» About this exercise
Starting at the line that contains "PAS Framework", write out each line exactly through the last one in the material below, and nothing more; omit all pictures.

» Provided material
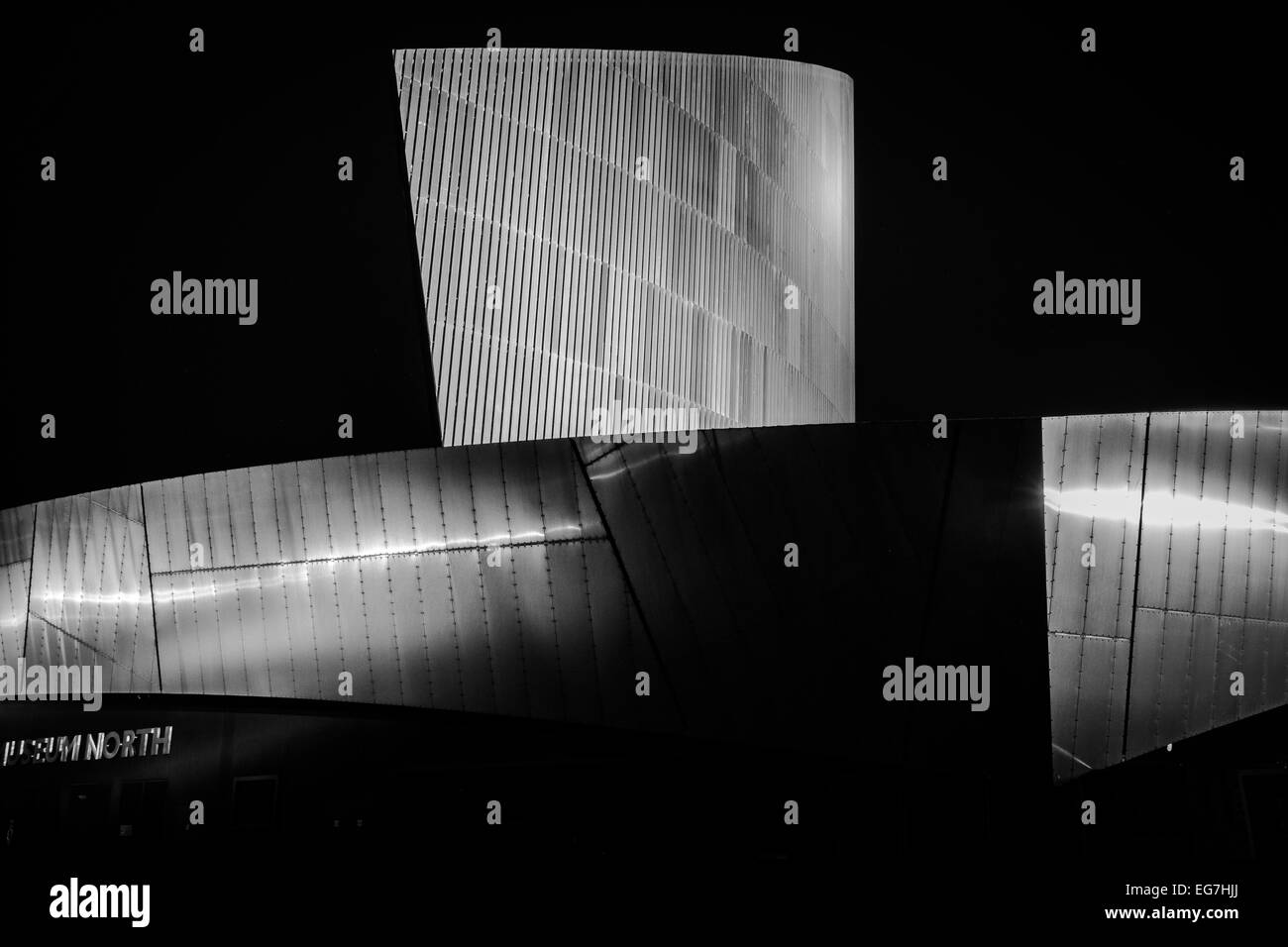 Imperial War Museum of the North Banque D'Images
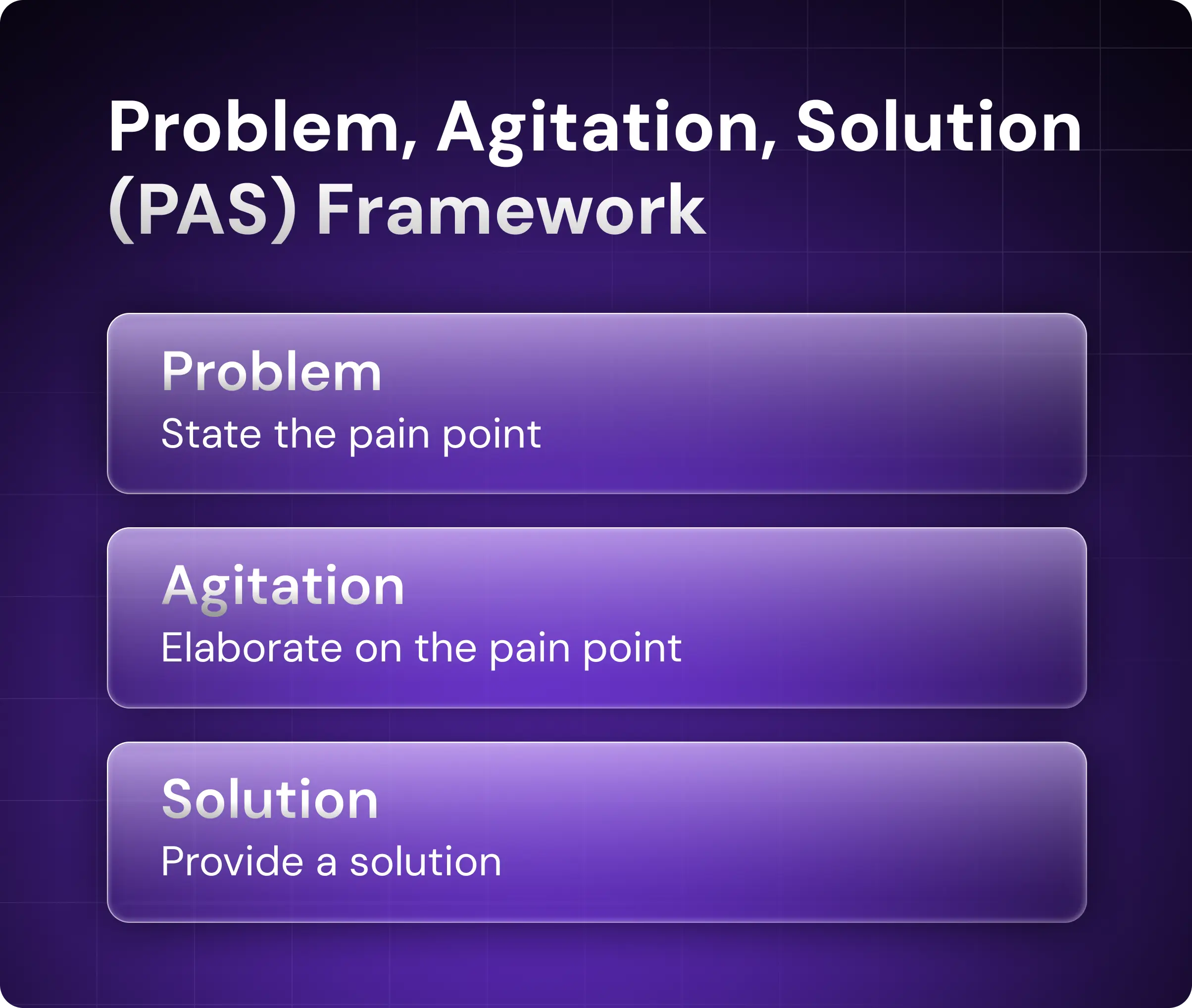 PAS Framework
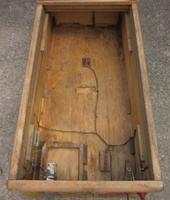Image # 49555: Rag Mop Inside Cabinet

» Output of the exercise
 PAS Framework
Image # 49555: Rag Mop Inside Cabinet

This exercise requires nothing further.